Exercise instructions
Transcribe the entries below word for word, beginning at the line with "The Valley of" and stopping after the line with "Seamless vector background"; drop all pictures.
BEGIN Provided material
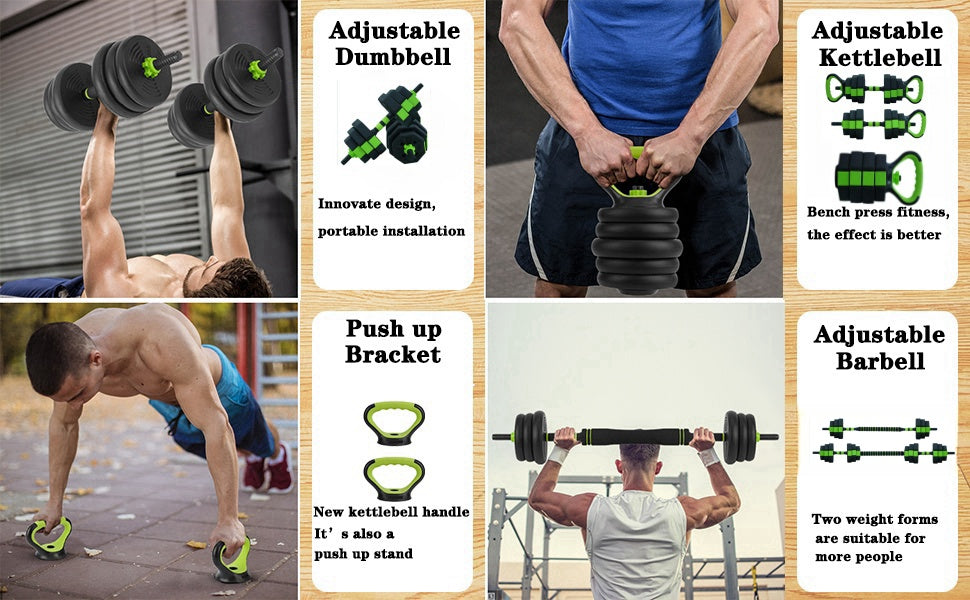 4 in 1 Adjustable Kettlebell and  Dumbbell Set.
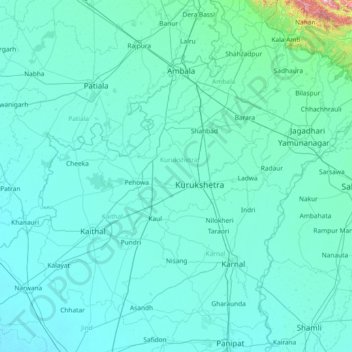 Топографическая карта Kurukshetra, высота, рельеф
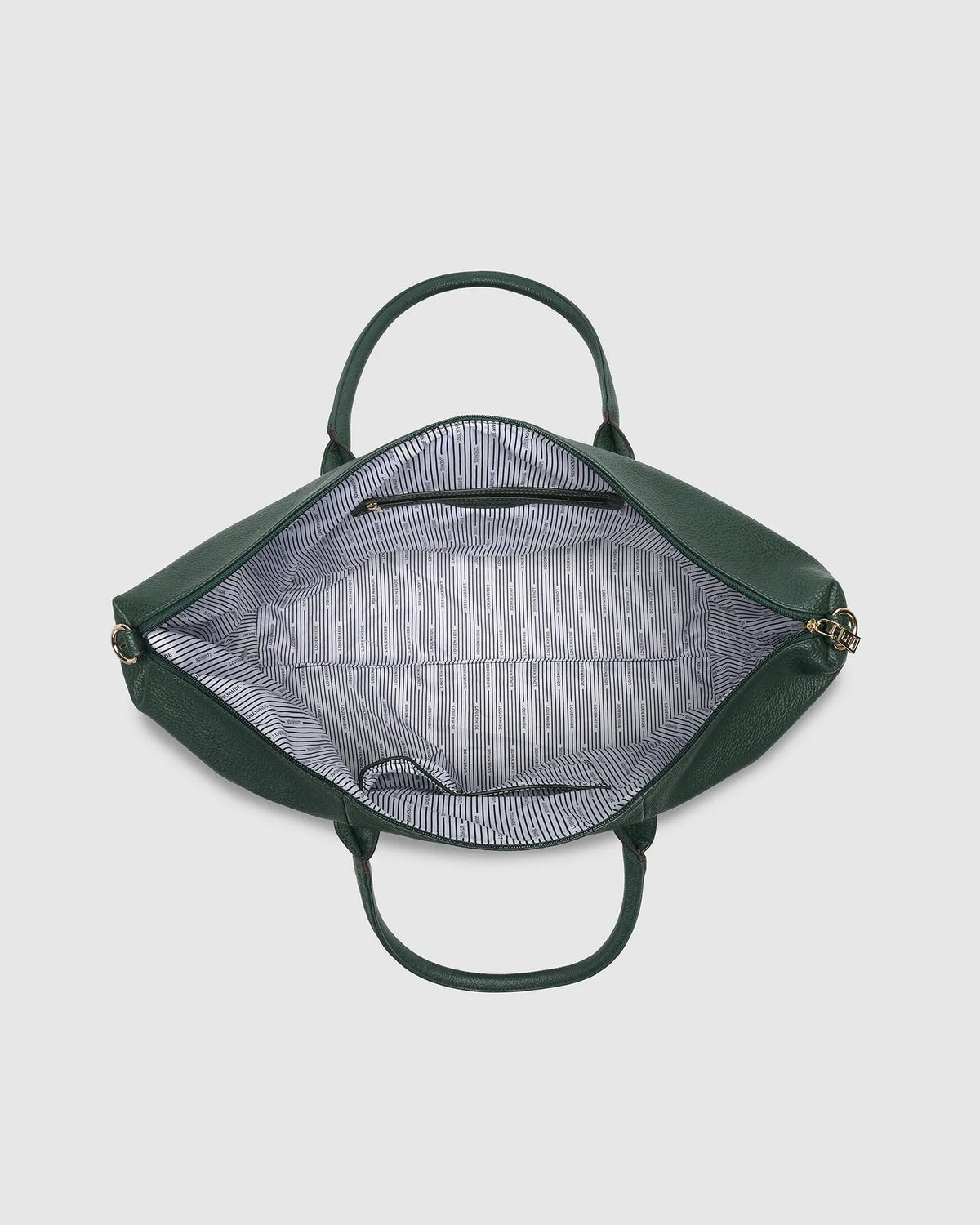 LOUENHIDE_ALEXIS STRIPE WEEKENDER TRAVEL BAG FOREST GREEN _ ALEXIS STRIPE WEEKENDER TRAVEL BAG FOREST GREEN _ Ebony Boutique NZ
END Provided material
BEGIN Provided material
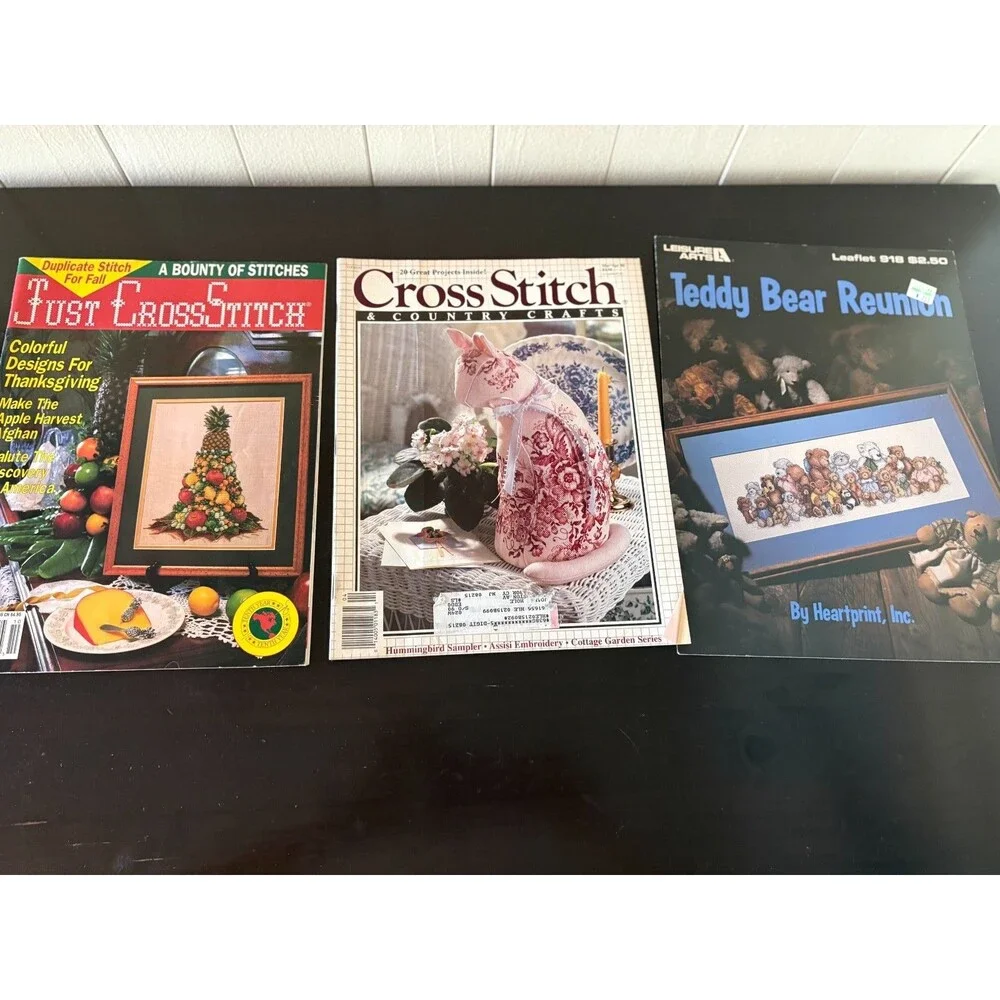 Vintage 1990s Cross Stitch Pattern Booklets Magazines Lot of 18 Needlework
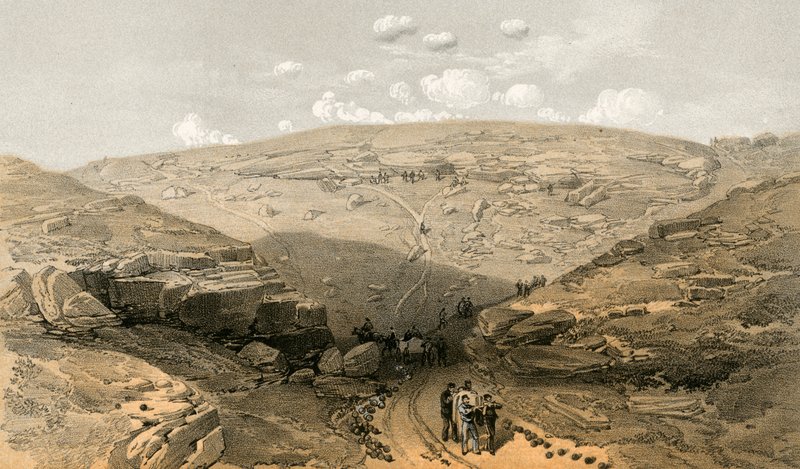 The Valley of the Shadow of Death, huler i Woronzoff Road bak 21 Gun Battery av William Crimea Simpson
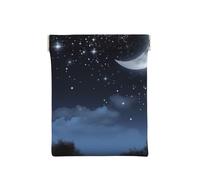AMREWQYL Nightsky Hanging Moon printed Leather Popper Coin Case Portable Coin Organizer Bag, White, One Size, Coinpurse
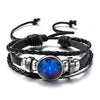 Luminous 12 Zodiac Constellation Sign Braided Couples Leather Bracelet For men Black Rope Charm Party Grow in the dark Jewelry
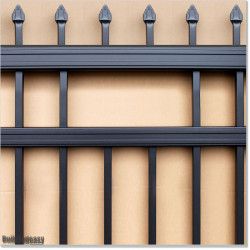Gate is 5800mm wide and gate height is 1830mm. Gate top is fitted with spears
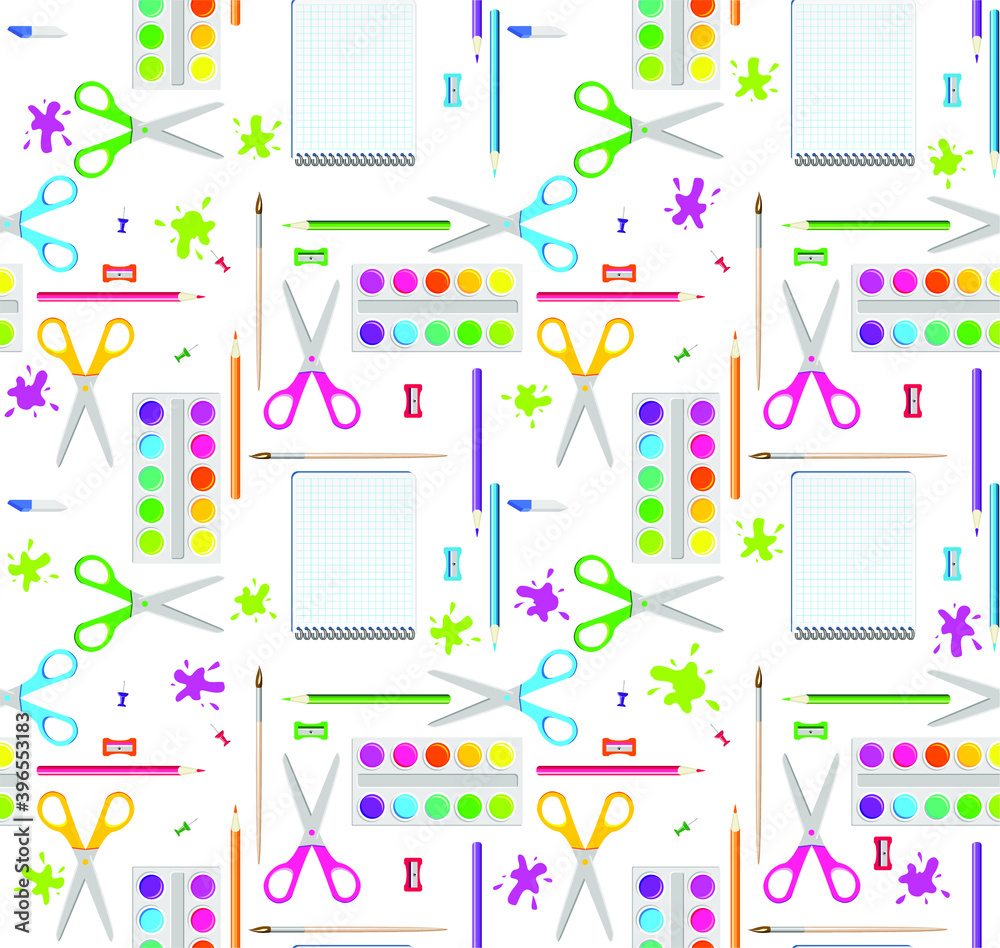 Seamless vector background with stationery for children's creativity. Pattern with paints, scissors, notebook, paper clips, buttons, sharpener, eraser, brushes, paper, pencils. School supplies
END Provided material
Exercise response
 The Valley of the Shadow of Death, huler i Woronzoff Road bak 21 Gun Battery av William Crimea Simpson
AMREWQYL Nightsky Hanging Moon printed Leather Popper Coin Case Portable Coin Organizer Bag, White, One Size, Coinpurse
 Luminous 12 Zodiac Constellation Sign Braided Couples Leather Bracelet For men Black Rope Charm Party Grow in the dark Jewelry
Gate is 5800mm wide and gate height is 1830mm. Gate top is fitted with spears
 Seamless vector background with stationery for children's creativity. Pattern with paints, scissors, notebook, paper clips, buttons, sharpener, eraser, brushes, paper, pencils. School supplies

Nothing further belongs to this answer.